===== Data shown =====

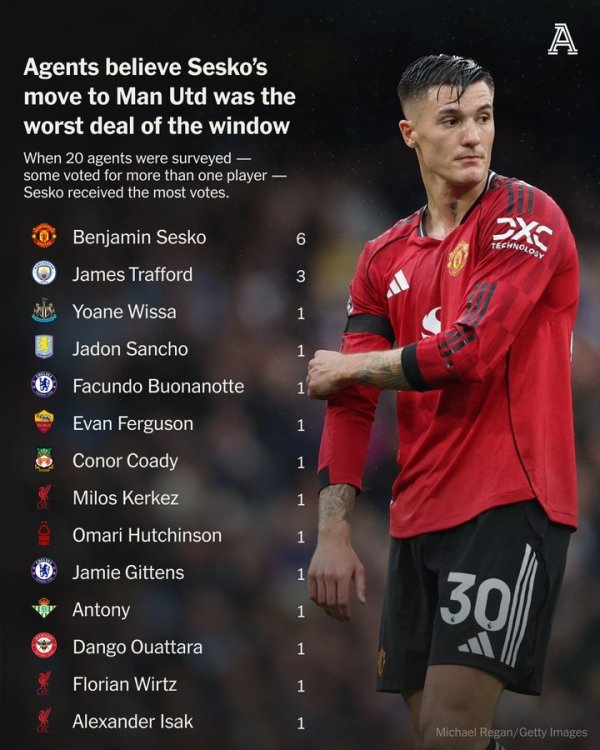 TA票选英超夏窗最差转会：舍什科6票第1，特拉福德3票，维尔茨1票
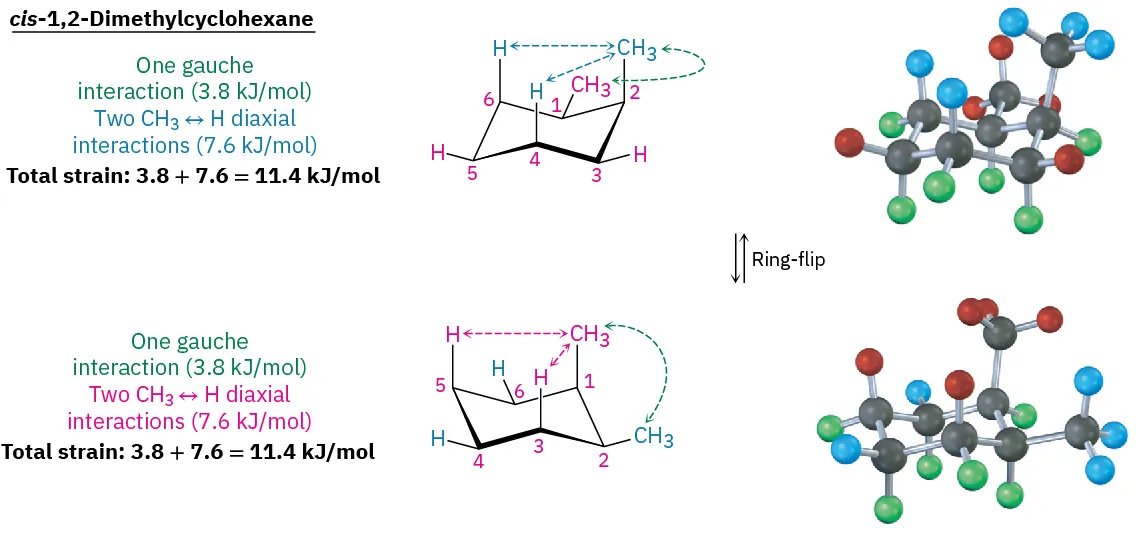 The structure and ball and stick model of cis-1,2-dimethylcyclohexane undergo ring-flip to form products featuring one gauche and two methyl-hydrogen diaxial interactions with total strain of 11.4 kilojoules per mole.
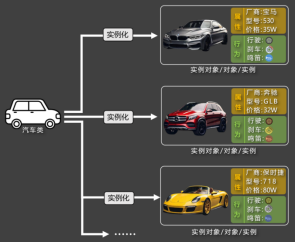 图片[3]-第 7 章 面向对象-大赛人网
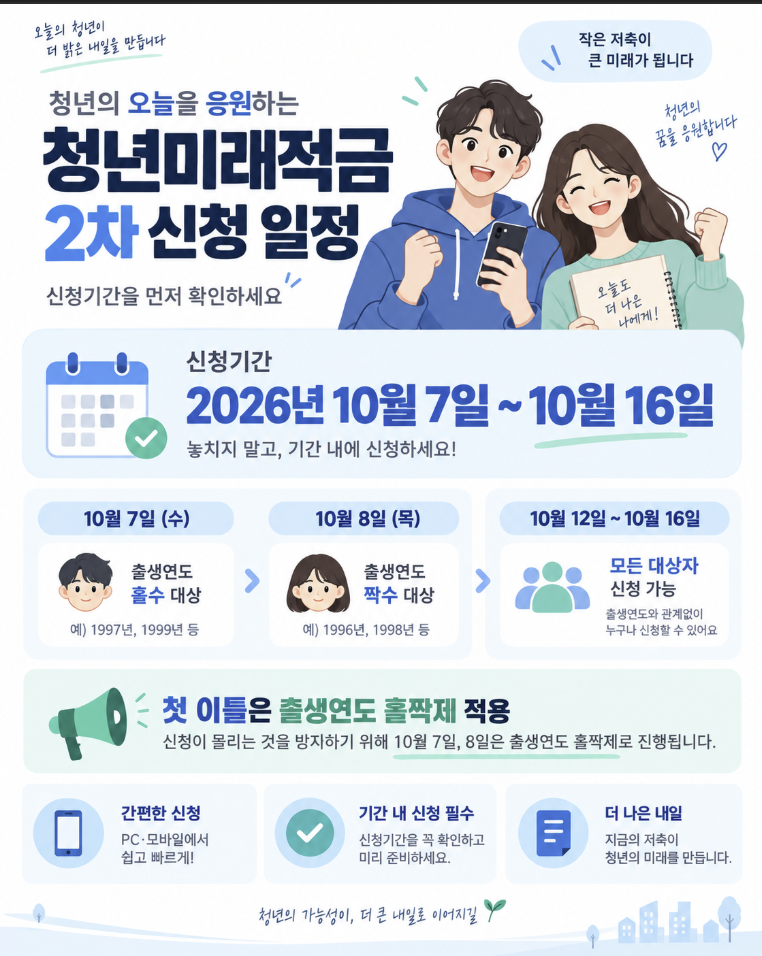 청년미래적금 2차 신청일 가입조건과 계좌개설 순서
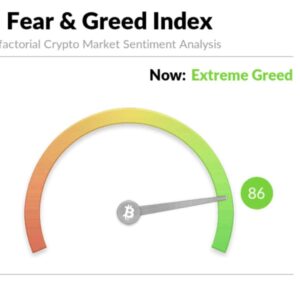 Indice fear and greed bitcoin 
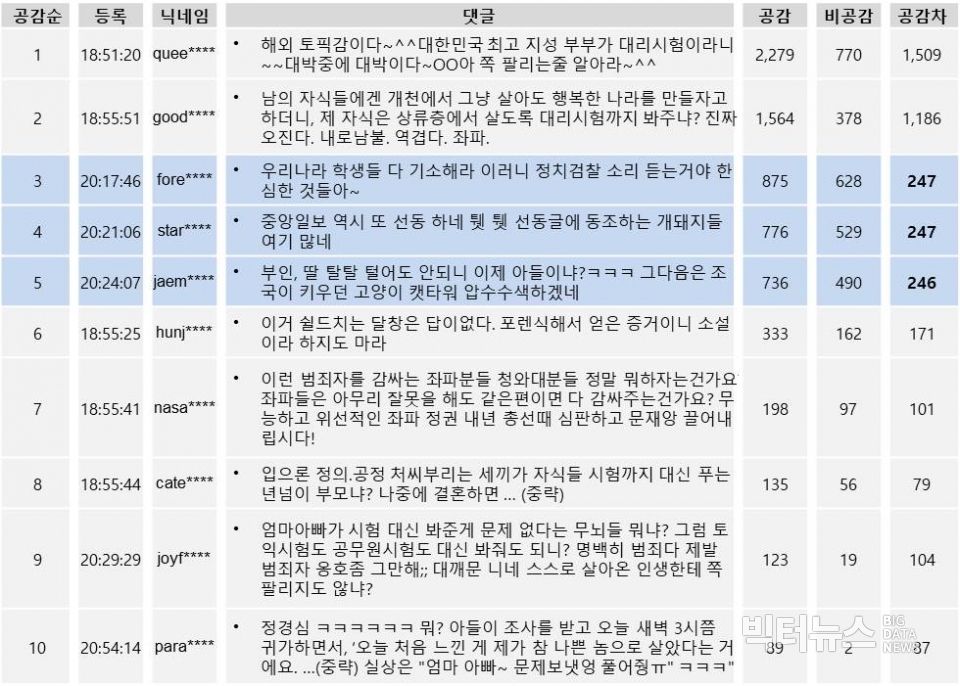 표=중앙일보 12월31일자 '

=====

-- Task description --
The data shown above must be printed again exactly, with no images included.

-- Solution --
 TA票选英超夏窗最差转会：舍什科6票第1，特拉福德3票，维尔茨1票
 The structure and ball and stick model of cis-1,2-dimethylcyclohexane undergo ring-flip to form products featuring one gauche and two methyl-hydrogen diaxial interactions with total strain of 11.4 kilojoules per mole.
 图片[3]-第 7 章 面向对象-大赛人网
 청년미래적금 2차 신청일 가입조건과 계좌개설 순서
 Indice fear and greed bitcoin 
 표=중앙일보 12월31일자 '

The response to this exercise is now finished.